In der Alten Tuchfabrik fand der „Frauen-Business-Tag“statt, der seinen Fokus auf Chefinnen und weibliche Personalverantwortliche richtet.
Frauen-Business-TagNur jede dritte Führungskraft im Kreis Euskirchen ist eine Frau
Martina Di Lorenzo ist Unternehmerin. Vom Frauen-Business-Tag in der Alten Tuchfabrik erwartet sie sich zweierlei: Zum einen möchte sie endlich auch in ihrer Heimatstadt netzwerken, zum anderen möchte sie lernen, selbstbewusster aufzutreten. Und zwar mindestens so selbstbewusst wie die Männer, mit denen sie jeden Tag arbeitet – deren Vorgesetzte sie sogar ist.

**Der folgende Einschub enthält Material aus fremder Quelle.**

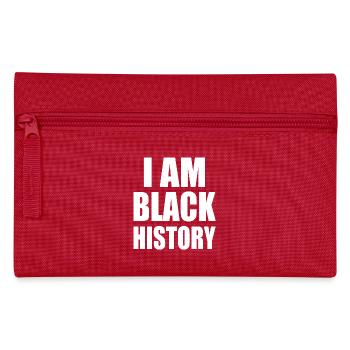I am black history - Federtasche - Rot - Vorne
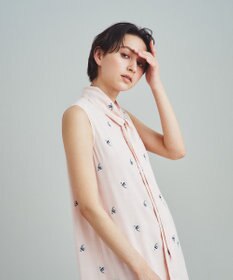 GRACE CONTINENTAL エンゼルフィッシュジャガードワンピース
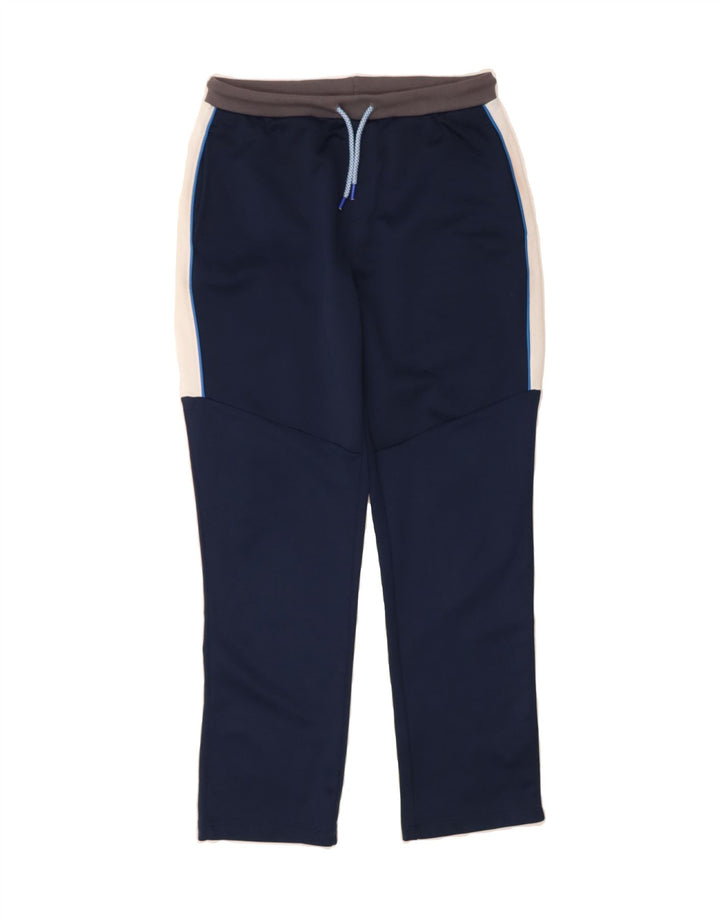 ARENA Mens Tracksuit Trousers Small  Navy Blue Colourblock Polyester Vintage Arena and Second-Hand Arena from Messina Hembry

In der Arbeitswelt sei die Gleichstellung von Mann und Frau noch lange nicht erreicht, erklärt Astrid Günther, Gleichstellungsbeauftragte des Kreises Euskirchen. Würde sich alles so weiterentwickeln wie bisher, dauere es in Deutschland noch 132 Jahre, bis eine Parität erreicht sei. „Die Gleichstellung ist kein Sprint, sondern ein Langstreckenlauf“, sagt Günther.
Anteil von Frauen in Führungspositionen ist abhängig von Unternehmensgröße
Dass sich bei gleicher oder sogar besserer Qualifikation immer noch deutlich weniger Frauen in Führungspositionen befinden und dass der Anteil der Frauen in Führungspositionen immer noch abhängig ist von der Größe des Unternehmens, weiß auch Euskirchens Landrat Markus Ramers: Nur ein Drittel aller Führungspositionen sei auch im Kreis Euskirchen weiblich besetzt. „Wir haben Nachholbedarf“, sagt der einzige Mann im Raum bei der Veranstaltungseröffnung.
Birgitt van Megeren ist die Leiterin des Kompetenzzentrums Frau und Beruf in der Region Aachen. „Mit diesem Event möchten wir einen Blick auf die weiblichen Karrieren werfen“, sagt sie. Regelmäßig veranstalte das Kompetenzzentrum Netzwerkevents für weibliche Personalverantwortliche, Geschäftsführerinnen aus kleinen und mittleren Unternehmen in der Region, Wiedereinsteigerinnen und weibliche Nachwuchsführungskräfte.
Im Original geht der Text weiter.